Beating Black out the door by a day, White says he's confident

John White, deputy chancellor in New York City, is leaving to New Orleans.

While Mayor Bloomberg was on the brink of announcing Cathie Black’s departure last night, a deputy chancellor of the New York City Department of Education was boarding a plane — to New Orleans, where tomorrow he will be named superintendent of the Recovery School District.

White’s appointment to lead one of the most-watched education improvement efforts in the country has fallen under the radar in this whirlwind day of education leadership changes in New York. But the move is important: it means one fewer leader at Tweed Courthouse during a transition and a major promotion for White.

White also said the Innovation Zone project he runs in New York would continue. “The work in New York goes on,” he said less than half a day before Black would resign.

He also called New Orleans “the most exciting place for education reform in the country.” “It’s because of what I’ve learned as an educator and an administrator in New York schools that I have faith about taking what I learned and going elsewhere,” he said.

The Recovery School District, created after Hurricane Katrina, operates entirely on a choice model. Families and students select among a set of options, most of them charter schools, and many of them new options.

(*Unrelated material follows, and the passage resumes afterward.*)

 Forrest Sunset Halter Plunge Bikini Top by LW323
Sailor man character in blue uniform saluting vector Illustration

The model has been called the “portfolio” approach, an idea that White championed and led in New York by closing down schools deemed failing and replacing them with new schools of choice.

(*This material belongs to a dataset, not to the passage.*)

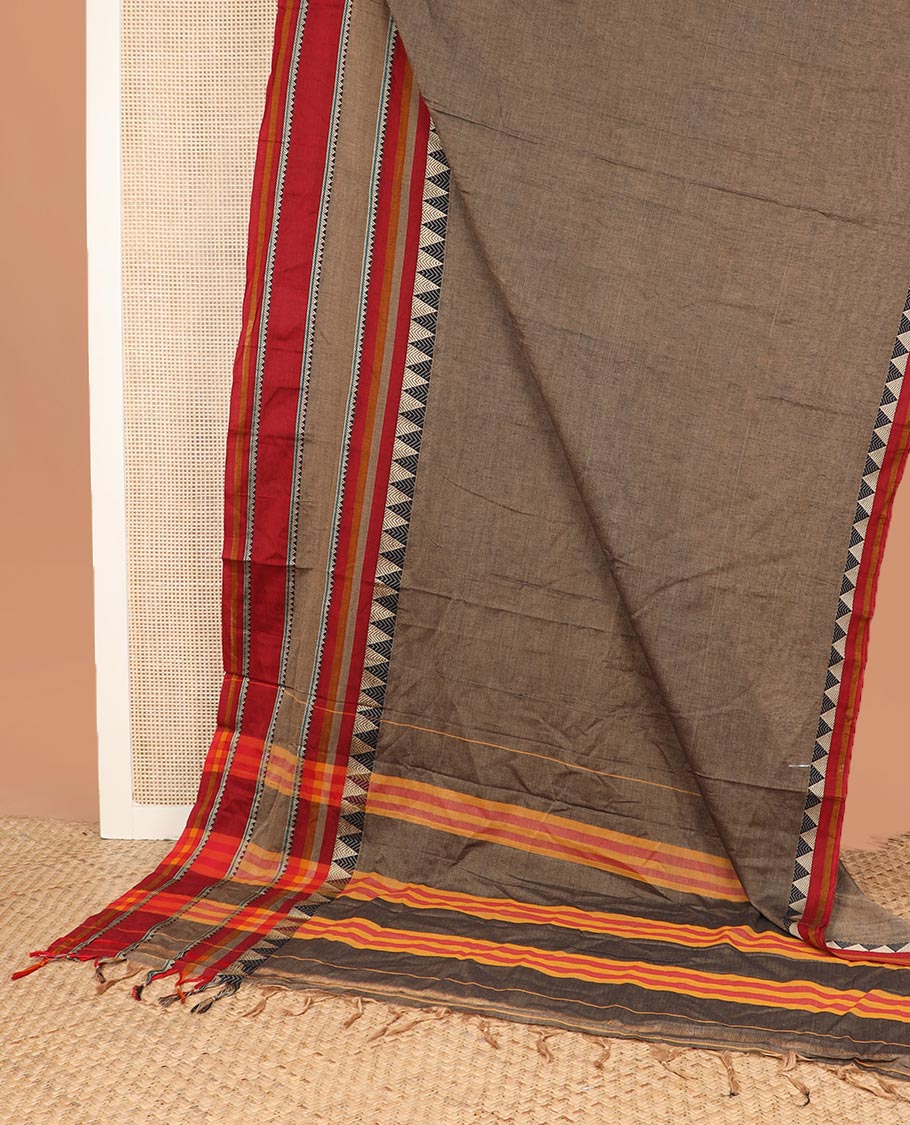 Brown plain Narayanapet cotton saree, contrast temple motifs woven big down border, and striped pallu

“New Orleans is the epitome of a portfolio system, in a way that New York because of its legal system and its size never can be, no matter how much you push it,” James Merriman, the executive director of the New York City Charter Center, said today in an interview with our former colleague Maura Walz. “It seems to me that if there is someone who can do this, it would be him.”

Merriman said that White will benefit from New Orleans’ smaller size. “In a month he can get into every single school twice, he can meet with every single principal, he can meet with every group of teachers, he can meet with community groups,” Merriman said. “It’s possible to do it in the retail way.”

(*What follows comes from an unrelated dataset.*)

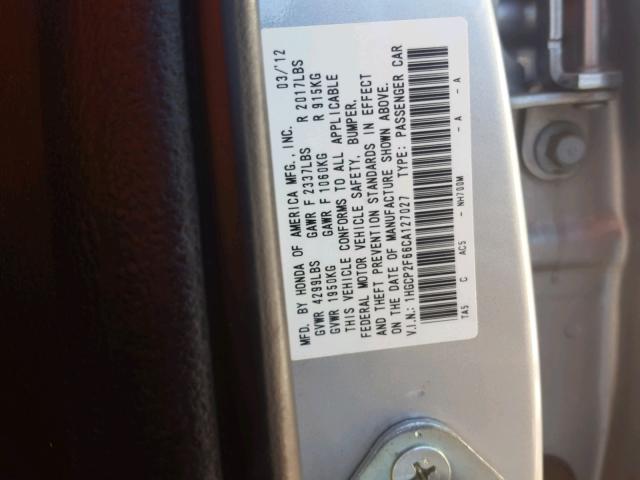 1HGCP2F66CA127027 - 2012 HONDA ACCORD SE SILVER photo 10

Outgoing chancellor Cathie Black also offered her thoughts last night, praising White in a prepared statement that, interestingly, betrayed no sign of being her last.

“Over the past few months I have gotten to know John and have been continually impressed by his thoughtfulness and commitment to bettering the lives of our school children,” Black said. “For his friends and colleagues here at the Department of Education, this news is bittersweet. But I view it as a compliment to New York City and the innovative work of this Department that Louisiana chose one of our own to lead the Recovery School District.”